• To do: Look below for the line containing "Kids Table and"; from there through the line containing "Windsor 2 Door", both lines included, please set down each line exactly and nothing else.

• Scraped caption text data:
-------
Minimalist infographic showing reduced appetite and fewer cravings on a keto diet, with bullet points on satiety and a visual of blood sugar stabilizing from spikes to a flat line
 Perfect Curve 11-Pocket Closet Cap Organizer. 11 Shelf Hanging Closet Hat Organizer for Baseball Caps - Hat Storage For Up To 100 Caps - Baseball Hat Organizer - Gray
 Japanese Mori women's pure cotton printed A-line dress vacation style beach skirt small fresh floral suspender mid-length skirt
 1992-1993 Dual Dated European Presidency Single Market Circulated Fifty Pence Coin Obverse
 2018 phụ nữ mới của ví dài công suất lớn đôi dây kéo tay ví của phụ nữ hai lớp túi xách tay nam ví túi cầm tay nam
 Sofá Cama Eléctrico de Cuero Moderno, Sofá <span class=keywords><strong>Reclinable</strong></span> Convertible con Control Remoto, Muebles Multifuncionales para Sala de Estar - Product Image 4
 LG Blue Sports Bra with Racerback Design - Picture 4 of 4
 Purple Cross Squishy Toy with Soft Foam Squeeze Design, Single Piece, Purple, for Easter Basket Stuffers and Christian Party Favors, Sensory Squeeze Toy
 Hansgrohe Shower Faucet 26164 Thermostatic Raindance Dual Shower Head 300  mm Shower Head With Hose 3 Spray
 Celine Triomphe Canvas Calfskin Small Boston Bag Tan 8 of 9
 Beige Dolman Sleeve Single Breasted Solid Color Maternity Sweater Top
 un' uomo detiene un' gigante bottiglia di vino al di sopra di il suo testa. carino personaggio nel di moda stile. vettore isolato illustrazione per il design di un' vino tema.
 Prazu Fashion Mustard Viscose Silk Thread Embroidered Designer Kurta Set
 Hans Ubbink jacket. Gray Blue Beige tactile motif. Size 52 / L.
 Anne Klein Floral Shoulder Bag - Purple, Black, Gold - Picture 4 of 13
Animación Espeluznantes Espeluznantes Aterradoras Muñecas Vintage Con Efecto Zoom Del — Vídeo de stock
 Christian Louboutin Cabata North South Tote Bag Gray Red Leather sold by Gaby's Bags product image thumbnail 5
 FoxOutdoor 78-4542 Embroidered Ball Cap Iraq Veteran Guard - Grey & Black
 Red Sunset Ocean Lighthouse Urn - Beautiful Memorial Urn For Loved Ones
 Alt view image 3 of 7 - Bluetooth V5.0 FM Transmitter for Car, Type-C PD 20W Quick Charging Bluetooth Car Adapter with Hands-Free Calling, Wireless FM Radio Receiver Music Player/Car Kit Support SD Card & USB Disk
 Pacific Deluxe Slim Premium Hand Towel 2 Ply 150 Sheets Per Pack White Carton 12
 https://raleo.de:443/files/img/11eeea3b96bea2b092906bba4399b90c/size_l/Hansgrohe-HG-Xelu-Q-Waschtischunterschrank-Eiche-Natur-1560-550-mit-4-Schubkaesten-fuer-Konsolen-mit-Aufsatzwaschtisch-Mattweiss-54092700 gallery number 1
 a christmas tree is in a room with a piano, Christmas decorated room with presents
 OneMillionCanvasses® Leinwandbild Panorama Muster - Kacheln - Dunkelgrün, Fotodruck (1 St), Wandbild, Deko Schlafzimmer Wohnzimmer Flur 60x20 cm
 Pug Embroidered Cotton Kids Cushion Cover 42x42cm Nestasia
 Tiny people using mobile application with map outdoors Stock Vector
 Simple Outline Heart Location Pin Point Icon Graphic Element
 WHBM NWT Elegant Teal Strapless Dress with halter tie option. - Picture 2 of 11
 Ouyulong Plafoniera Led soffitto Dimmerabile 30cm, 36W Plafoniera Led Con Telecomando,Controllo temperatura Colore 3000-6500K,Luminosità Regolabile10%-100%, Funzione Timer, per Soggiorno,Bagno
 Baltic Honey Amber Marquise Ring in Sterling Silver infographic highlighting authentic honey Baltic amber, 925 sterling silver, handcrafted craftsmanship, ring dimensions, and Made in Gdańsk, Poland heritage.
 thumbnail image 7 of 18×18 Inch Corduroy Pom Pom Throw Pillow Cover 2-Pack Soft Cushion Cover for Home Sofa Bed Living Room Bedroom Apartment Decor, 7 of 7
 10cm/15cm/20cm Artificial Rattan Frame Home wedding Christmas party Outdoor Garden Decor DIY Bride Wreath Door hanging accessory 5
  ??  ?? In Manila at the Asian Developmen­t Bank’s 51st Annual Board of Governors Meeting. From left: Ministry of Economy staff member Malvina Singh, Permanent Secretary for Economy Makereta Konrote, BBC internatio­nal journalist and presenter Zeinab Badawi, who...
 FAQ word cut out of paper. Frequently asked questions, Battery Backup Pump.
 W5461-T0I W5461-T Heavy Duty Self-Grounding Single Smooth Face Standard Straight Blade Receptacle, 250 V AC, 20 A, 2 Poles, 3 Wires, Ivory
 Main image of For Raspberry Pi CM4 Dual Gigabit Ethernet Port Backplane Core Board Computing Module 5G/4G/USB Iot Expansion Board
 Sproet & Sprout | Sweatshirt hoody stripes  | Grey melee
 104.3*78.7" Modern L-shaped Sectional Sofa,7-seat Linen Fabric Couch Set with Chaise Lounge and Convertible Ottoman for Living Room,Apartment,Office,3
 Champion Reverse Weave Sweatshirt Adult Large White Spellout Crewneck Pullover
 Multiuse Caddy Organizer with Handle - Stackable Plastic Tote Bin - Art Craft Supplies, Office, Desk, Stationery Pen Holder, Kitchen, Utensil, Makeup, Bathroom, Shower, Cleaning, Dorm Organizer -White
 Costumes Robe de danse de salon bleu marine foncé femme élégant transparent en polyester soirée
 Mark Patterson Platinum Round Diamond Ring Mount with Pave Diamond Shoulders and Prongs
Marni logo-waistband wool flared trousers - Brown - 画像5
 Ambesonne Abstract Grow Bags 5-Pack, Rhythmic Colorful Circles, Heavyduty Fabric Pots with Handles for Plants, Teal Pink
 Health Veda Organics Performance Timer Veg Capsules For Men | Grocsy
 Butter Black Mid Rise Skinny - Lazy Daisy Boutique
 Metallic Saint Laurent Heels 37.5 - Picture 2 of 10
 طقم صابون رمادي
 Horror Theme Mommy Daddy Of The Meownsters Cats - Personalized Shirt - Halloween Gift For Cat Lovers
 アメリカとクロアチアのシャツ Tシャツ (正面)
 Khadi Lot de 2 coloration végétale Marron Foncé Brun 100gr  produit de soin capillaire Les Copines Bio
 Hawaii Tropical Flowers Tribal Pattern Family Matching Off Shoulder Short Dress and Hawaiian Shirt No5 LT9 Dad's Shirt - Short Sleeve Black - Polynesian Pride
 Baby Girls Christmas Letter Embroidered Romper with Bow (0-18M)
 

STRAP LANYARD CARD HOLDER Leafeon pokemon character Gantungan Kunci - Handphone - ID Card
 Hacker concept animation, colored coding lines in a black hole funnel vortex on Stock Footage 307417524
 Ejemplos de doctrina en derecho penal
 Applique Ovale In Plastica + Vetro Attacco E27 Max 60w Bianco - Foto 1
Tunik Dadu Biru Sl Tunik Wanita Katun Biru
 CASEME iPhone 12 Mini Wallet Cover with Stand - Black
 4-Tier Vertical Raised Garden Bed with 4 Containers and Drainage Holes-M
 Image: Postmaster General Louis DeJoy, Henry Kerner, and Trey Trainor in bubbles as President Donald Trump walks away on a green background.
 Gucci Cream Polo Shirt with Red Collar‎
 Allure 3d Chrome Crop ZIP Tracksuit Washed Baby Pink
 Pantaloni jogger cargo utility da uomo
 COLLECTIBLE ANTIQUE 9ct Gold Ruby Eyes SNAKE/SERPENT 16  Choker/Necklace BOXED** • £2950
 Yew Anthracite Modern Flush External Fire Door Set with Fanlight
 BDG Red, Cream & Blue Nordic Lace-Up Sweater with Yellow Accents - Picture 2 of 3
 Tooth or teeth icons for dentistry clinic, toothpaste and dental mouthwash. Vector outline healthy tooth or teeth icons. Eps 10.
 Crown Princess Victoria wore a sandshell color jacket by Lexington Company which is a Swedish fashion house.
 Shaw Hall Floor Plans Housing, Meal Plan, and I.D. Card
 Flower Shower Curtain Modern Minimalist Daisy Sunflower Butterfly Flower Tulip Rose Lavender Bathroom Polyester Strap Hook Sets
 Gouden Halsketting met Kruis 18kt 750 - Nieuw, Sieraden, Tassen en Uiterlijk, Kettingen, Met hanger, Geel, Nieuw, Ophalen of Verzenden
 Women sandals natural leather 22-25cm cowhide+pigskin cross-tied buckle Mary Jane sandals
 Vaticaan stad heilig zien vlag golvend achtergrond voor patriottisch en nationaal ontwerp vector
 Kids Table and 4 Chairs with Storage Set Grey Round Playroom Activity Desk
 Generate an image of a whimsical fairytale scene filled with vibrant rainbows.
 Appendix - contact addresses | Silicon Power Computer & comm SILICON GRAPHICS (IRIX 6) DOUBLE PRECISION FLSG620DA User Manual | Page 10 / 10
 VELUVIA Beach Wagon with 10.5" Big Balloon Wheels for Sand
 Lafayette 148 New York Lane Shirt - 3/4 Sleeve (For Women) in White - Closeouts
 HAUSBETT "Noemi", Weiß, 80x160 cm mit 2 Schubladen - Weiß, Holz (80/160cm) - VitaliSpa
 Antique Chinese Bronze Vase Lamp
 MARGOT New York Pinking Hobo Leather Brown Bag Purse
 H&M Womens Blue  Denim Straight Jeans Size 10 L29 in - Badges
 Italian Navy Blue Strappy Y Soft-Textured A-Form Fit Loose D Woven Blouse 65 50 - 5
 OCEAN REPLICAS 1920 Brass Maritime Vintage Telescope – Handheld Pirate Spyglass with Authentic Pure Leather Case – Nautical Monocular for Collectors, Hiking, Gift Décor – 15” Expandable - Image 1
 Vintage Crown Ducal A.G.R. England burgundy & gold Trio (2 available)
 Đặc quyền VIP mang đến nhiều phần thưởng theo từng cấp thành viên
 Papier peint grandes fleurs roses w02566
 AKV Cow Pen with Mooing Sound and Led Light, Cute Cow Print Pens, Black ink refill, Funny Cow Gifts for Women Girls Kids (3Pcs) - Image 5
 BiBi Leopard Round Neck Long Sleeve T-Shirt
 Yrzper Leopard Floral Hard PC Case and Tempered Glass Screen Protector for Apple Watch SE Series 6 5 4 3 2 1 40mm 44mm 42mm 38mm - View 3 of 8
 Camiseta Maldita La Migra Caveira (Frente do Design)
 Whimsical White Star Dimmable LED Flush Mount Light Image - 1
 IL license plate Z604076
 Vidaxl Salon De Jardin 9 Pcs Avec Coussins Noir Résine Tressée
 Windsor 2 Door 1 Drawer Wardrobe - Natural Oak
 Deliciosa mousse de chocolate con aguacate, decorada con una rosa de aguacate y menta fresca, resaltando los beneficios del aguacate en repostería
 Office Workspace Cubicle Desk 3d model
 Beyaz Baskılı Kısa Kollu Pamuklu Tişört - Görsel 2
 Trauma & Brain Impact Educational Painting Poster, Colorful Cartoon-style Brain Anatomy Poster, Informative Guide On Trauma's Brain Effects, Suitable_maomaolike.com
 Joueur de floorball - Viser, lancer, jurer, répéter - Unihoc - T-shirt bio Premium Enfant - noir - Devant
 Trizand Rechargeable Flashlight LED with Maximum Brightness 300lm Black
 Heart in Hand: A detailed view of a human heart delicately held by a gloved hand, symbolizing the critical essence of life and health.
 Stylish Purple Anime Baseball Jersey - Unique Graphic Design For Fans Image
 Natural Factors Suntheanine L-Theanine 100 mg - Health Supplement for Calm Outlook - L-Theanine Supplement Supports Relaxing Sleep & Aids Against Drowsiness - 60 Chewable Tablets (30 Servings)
-------
• Answer space:
 Kids Table and 4 Chairs with Storage Set Grey Round Playroom Activity Desk
 Generate an image of a whimsical fairytale scene filled with vibrant rainbows.
 Appendix - contact addresses | Silicon Power Computer & comm SILICON GRAPHICS (IRIX 6) DOUBLE PRECISION FLSG620DA User Manual | Page 10 / 10
 VELUVIA Beach Wagon with 10.5" Big Balloon Wheels for Sand
 Lafayette 148 New York Lane Shirt - 3/4 Sleeve (For Women) in White - Closeouts
 HAUSBETT "Noemi", Weiß, 80x160 cm mit 2 Schubladen - Weiß, Holz (80/160cm) - VitaliSpa
 Antique Chinese Bronze Vase Lamp
 MARGOT New York Pinking Hobo Leather Brown Bag Purse
 H&M Womens Blue  Denim Straight Jeans Size 10 L29 in - Badges
 Italian Navy Blue Strappy Y Soft-Textured A-Form Fit Loose D Woven Blouse 65 50 - 5
 OCEAN REPLICAS 1920 Brass Maritime Vintage Telescope – Handheld Pirate Spyglass with Authentic Pure Leather Case – Nautical Monocular for Collectors, Hiking, Gift Décor – 15” Expandable - Image 1
 Vintage Crown Ducal A.G.R. England burgundy & gold Trio (2 available)
 Đặc quyền VIP mang đến nhiều phần thưởng theo từng cấp thành viên
 Papier peint grandes fleurs roses w02566
 AKV Cow Pen with Mooing Sound and Led Light, Cute Cow Print Pens, Black ink refill, Funny Cow Gifts for Women Girls Kids (3Pcs) - Image 5
 BiBi Leopard Round Neck Long Sleeve T-Shirt
 Yrzper Leopard Floral Hard PC Case and Tempered Glass Screen Protector for Apple Watch SE Series 6 5 4 3 2 1 40mm 44mm 42mm 38mm - View 3 of 8
 Camiseta Maldita La Migra Caveira (Frente do Design)
 Whimsical White Star Dimmable LED Flush Mount Light Image - 1
 IL license plate Z604076
 Vidaxl Salon De Jardin 9 Pcs Avec Coussins Noir Résine Tressée
 Windsor 2 Door 1 Drawer Wardrobe - Natural Oak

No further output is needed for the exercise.